The invention discloses a method and a device for recognizing N-best spoken language semantics and electronic equipment, wherein the method comprises the following steps: acquiring text data with first N probability values output by the automatic speech recognition ASR model on historical audio data and labels of each text data as a training set; training a Spoken Language Understanding (SLU) model through the training set; inputting the text data of the first M probability values output by the ASR model to the test audio data into the SLU model to obtain an intention recognition probability sequence of the M text data; and outputting the intention with the highest probability in the intention identification probability sequence as the intention of the test audio data. The invention considers the text data of the first probability values of the ASR model in both SLU model training and SLU model application, and then performs intention recognition according to the text data of the first probability values, thereby effectively reducing user intention recognition errors caused by ASR recognition errors and improving intention recognition accuracy.

Description

N-optimal spoken language semantic recognition method and device and electronic equipment
Technical Field
The invention relates to the technical field of voice intelligence, in particular to an N-best spoken language semantic recognition method and device, electronic equipment and a computer readable medium.
Background
With the development of artificial intelligence technology, the application of the voice robot is more and more extensive. The voice robot can endow the enterprise with intelligent man-machine interaction experience of the type of 'being able to listen, speak and understand you' in various practical application scenes based on the technologies of voice recognition, voice synthesis, natural language understanding and the like. At present, the voice robot is widely applied to scenes such as telephone sales, intelligent question answering, intelligent quality inspection, real-time speech subtitles, interview recording and the like.

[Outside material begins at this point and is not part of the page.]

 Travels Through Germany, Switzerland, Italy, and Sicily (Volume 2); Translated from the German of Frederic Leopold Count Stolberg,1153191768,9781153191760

The voice robot firstly carries out natural voice understanding on the voice of the user to recognize the intention of the user, and then generates question and answer voice for the user through a natural voice generating technology according to the intention of the user, so that the voice question and answer with the user are completed. In the natural Speech Understanding process, the Speech robot converts the Speech of the user into characters through an Automatic Speech Recognition (ASR) technology, and then recognizes the user intention through a Spoken Language Understanding (SLU) technology. The ASR technology analyzes the speech characteristic parameters in advance through training data, makes a speech template, stores the speech template in a speech parameter library, and analyzes the speech to be recognized as the speech to be recognized during training to obtain the speech parameters. Comparing it with the speech templates in speech parameter library one by one, finding out the template closest to speech characteristics by means of model scoring, and obtaining the recognized character result. The ASR technology uses a model scoring method to take the text data corresponding to the closest speech feature template as the recognized word, and the text data corresponding to the closest speech feature template may be different from the actual user speech word, or even opposite in meaning. Therefore, certain errors occur in the text conversion process of the existing ASR, which causes the recognition error of the subsequent SLU on the user intention, and affects the conversation effect between the voice robot and the user.
Disclosure of Invention
The invention aims to solve the technical problem that the recognition error of the user intention is caused by the recognition error of the ASR.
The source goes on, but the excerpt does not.